Drought threatens to sink OST

Albania’s power system functions as a chain that consists of three companies – KESH, OSHEE and OST. The reflection of this situation is what happens to OST, a transmission system operator that is not in its best days, due to the lack of funds to repay the loans that go to collection this year in the amount of EUR 25 million. OST requested a revision of the transfer fee twice, but this request was not taken into account. In the explanation of its request, OST claimed that the fee of 0.65 Albanian leks per KWh applied today does not provide funds for repayment of loans and necessary investments.

In this situation, OST demanded a tariff increase of 1.17 leks per KWh, but ERE did not consider this request, but it has ordered that KESH and OSHEE pay its debts to OST. However, under existing conditions, OSHEE manages to pay only current bills. Unless a solution is found for the current situation, the company could be forced to suspend the payment of its obligations, which amount to EUR 60 million.

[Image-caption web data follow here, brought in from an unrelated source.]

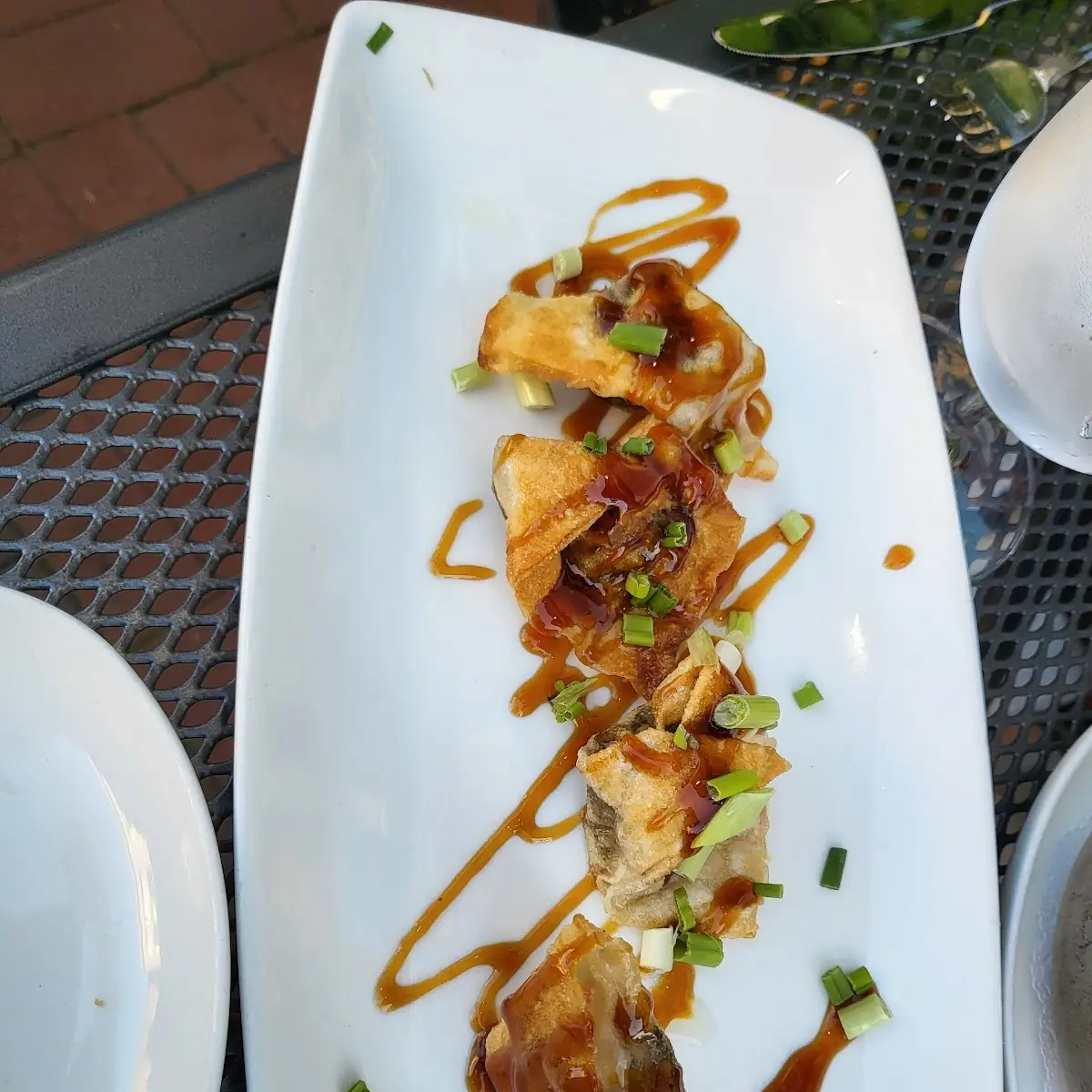 Crispy Shrimp Wonton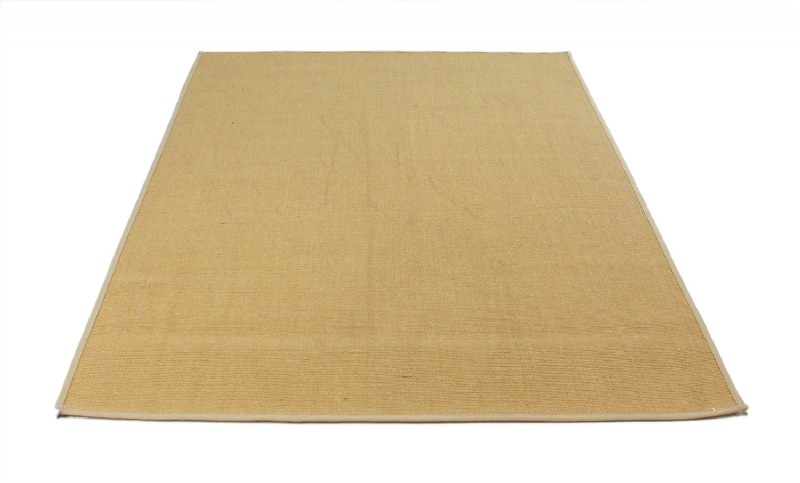 Gold Sisal Rug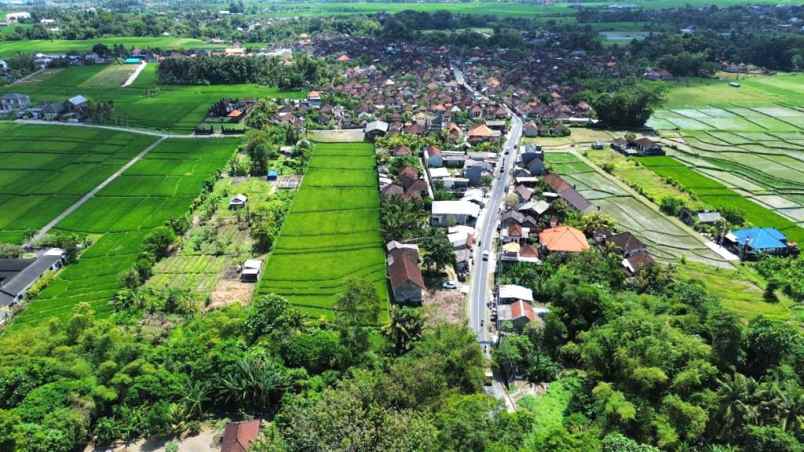 dijual tanah jalan kedungu tabanan bali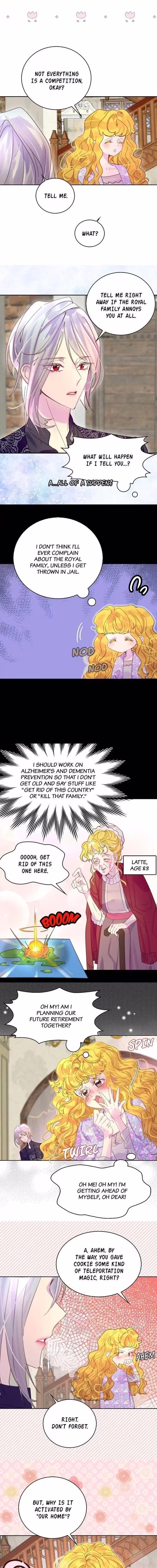 Miss Not-So Sidekick - Chapter 124 - Part 7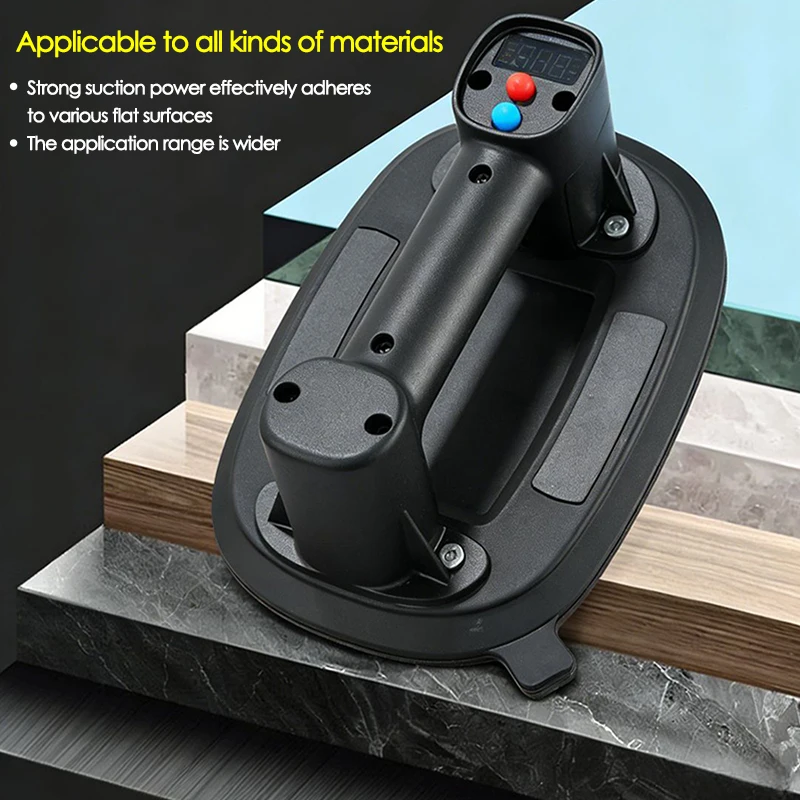 200kg-load-heavy-duty-intelligent-electric-vacuum-suction-cup-industrial-grade-glass-tiles-vacuum-lifter-tools-1800mah-battery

How the power exchange will affect the situation?

In accordance with the law, as of January 1, 2018, the power exchange should start its market operations. Bearing in mind the slow progress in the implementation of reforms, there is a concern that the legal deadline will not be followed. In any case, the existence of power exchange would be a bonus in the event of a weather condition that currently occurs in the country. Certainly, a clearer picture of the situation and optimal usage of capacities would guarantee an objective price. The report of the Secretariat of the Energy Community states the remark that in accordance with the Action Plan the Minister of Energy should have made a decision on the legal structure before March 31, 2017, which did not happen. This could affect the shift of the deadline for the opening of power exchange after January 1, 2018, and consequently, the realization of benefits that the power exchange brings.

A risk of the transmission system collapse

Experts estimate that uncertainty of the transmission system should be a greater concern than the import of electricity. This system has overcome tough times, even when imports reached 18 million KWh per day, however, predictability reduces the vulnerability of the system.

The lack of predictability limits the transmission system, and in exceptional cases, the outage of a line from the function can cause a collapse of the system, the power cut in the optimistic scenario would be 4 to 5 hours in the whole country, and in the pessimistic scenario even longer.

One of the problems in the transmission system is the fact that even more than a year after it was completed, the interconnection with Kosovo has not been put into operation yet. The Secretariat has announced taking measures against Serbia, but there is still no solution to resolve the situation in which the investment worth more than tens of millions of euros is suspended.